[Dataset entries]
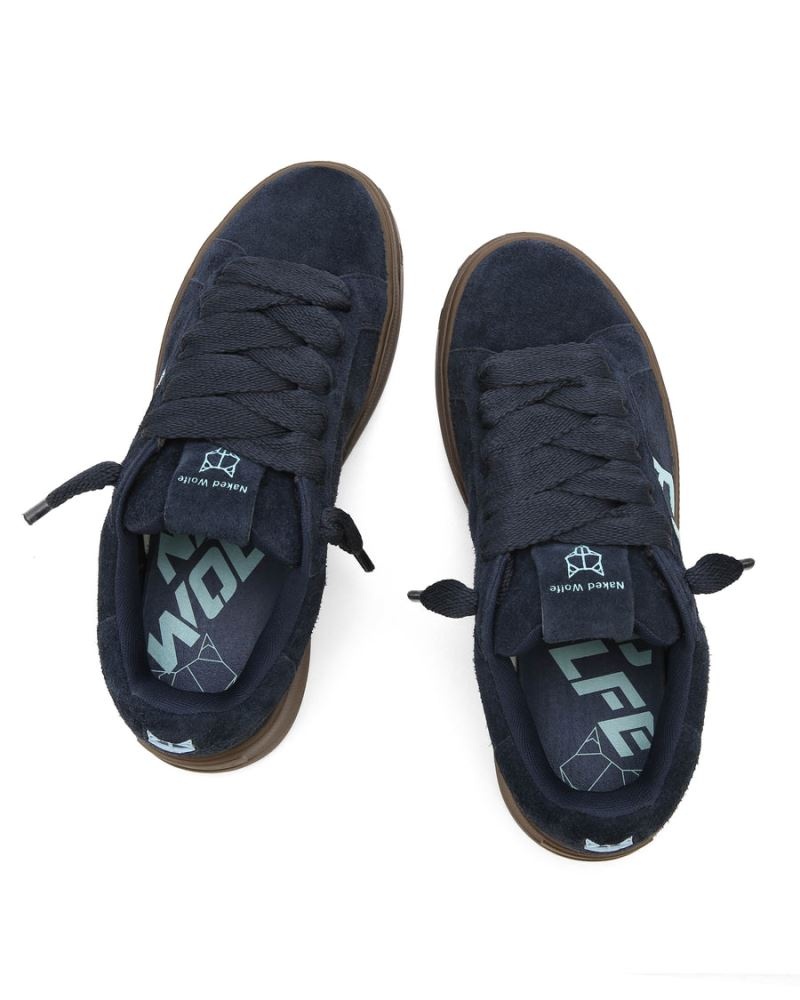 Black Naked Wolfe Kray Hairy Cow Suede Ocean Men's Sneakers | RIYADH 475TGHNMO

--

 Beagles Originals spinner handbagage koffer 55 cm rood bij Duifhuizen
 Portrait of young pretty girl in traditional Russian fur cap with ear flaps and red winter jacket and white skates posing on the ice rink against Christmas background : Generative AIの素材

[Work instructions] All lines in the listing above between the line with "Beagles Originals spinner" and the line with "Portrait of young", inclusive, should be set down exactly, and no line outside that range.

[Answer to the exercise]
 Beagles Originals spinner handbagage koffer 55 cm rood bij Duifhuizen
 Portrait of young pretty girl in traditional Russian fur cap with ear flaps and red winter jacket and white skates posing on the ice rink against Christmas background : Generative AIの素材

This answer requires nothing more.